Group 4 Securicorwas among the strongest mid-cap features after Securitas, its closest peer, posted fourth-quarter results that were well ahead of expectations and revealed plans to break itself into four separate companies. That will leave Group 4 as the largest security company in the world by market value.

Securitas’s forecast-beating results were mostly via its its US guarding business, which took a temporary lift from the hurricane season. However, trading was positive in ten of its 13 operating regions -- suggesting Group 4 will report something similar at its results due in mid-March.

There was also hope that Group 4 will follow its rival and consider splitting up to release value. Like Securitas, the Anglo-Danish company has four operating units: Security Services, Security Systems, Cash Services and Justice Services (ie. prisons).

“Even if G4S were not to pursue this route, we think it very likely that private equity groups will,” Enskilda analysts wrote.
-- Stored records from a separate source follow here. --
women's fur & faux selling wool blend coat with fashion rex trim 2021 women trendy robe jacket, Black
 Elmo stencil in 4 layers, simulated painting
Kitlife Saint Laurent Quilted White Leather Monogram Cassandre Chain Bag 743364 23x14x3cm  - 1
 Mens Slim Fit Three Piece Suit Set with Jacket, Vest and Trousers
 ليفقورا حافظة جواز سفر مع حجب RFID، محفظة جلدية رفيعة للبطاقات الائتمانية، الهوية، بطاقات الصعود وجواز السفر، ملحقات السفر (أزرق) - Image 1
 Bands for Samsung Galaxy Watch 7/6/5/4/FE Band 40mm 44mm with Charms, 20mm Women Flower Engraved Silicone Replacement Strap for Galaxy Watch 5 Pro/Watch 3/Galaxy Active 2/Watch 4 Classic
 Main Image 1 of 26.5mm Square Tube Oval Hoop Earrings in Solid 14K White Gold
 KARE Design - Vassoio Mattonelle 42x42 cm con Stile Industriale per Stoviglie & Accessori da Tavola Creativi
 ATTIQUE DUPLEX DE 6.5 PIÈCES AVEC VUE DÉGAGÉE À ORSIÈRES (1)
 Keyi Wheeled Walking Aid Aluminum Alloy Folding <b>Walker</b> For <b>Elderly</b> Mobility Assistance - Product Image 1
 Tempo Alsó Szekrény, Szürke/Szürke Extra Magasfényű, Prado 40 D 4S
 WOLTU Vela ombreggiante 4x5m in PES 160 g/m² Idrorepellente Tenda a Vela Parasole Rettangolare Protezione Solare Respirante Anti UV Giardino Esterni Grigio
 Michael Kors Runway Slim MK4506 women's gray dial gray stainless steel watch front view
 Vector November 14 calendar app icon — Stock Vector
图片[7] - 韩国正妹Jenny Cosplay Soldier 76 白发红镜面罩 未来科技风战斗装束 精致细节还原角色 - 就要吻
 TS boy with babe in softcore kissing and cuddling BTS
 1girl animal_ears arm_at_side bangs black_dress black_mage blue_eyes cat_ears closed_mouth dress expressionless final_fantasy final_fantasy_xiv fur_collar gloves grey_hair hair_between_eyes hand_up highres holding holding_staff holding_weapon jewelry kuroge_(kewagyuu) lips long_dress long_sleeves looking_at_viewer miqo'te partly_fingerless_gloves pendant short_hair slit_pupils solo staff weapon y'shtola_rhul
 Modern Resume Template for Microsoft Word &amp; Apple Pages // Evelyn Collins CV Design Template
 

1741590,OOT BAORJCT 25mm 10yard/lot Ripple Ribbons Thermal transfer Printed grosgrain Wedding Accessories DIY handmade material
They have a breakup value of 239p on the shares, which took on 6.75p to 177p today.

For detailed information on Group 4, click here.

A short squeeze pushed Sanctuary onto the small-cap leaderbaord, higher by 0.25p to 1.65p. That came after the London Stock Exchange yesterday sent round a memo reminding its members of their settlement obligations ahead of the record company’s rescue refinancing. About 17 per cent of Sanctuary stock is reckoned to be out on loan.

Expectations of something similar happening to MFI pushed its shares up 2.25p to 68.75p. The furniture retailer’s management has been rumoured to be visiting institutions to gauge interest for a share issue at about 50p apiece to pay for a rebuild of its UK retail side. MFI is thought to be the British market’s most-shorted stock, with more than a quarter of its equity lent out.

Track Sanctuary shares here.

Woolworths closed flat at 35.75p even after Baugur confirmed recent recent rumours that it had taken a 6 per cent in the Pick & Mix retailer. The Icelandic group is said to have raised the cash by reducing its none-too-clever investment in French Connection, which was taken last Autumn at 285p each. (FC rallied 4.5p to 254.5p today as that overhang was mopped up.)

So was Baugur getting in position for a takeover? Or was it making another expensive mistake? Nick Bubb, retail analyst at Evolution, reckoned the latter:

“No doubt Baugur have done their homework on this, but we don’t think the (sum of the parts) is much more than 30p and that the Baugur stake news is a very good selling opportunity,” he said.

Among the many bear points highlighted in Mr Bubb’s note were: Woolworths’ large pension deficit; its lack of freehold property; its seasonal overdraft created by a reliance on Christmas sales; and its capital expenditure programme “that barely exceeds the depreciation charge”. He also noted that the group’s profit came almost entirely from its wholesale unit -- dependent on one Tesco contract that may not be renewed -- and its BBC video publishing joint venture, which is dependent on the faddish popularity of Little Britain).

“The 800 stores in the Main Chain gives it £1.75 billion of sales but, as supermarkets chip away at the core business, the low sales densities and high operating costs mean that it effectively makes no money,” he wrote.

For more on Baugur’s interest in Woolies, click here.

On broker watch:

JPMorgan cut BHP Billiton and Rio Tinto to “underweight” from “neutral”.

Merrill Lynch raised Great Portland Estates to “buy” from “neutral”.

Altium moved to “hold” from “add” on BetonSports.

And Citigroup raised Ryanair to “buy” from “hold”.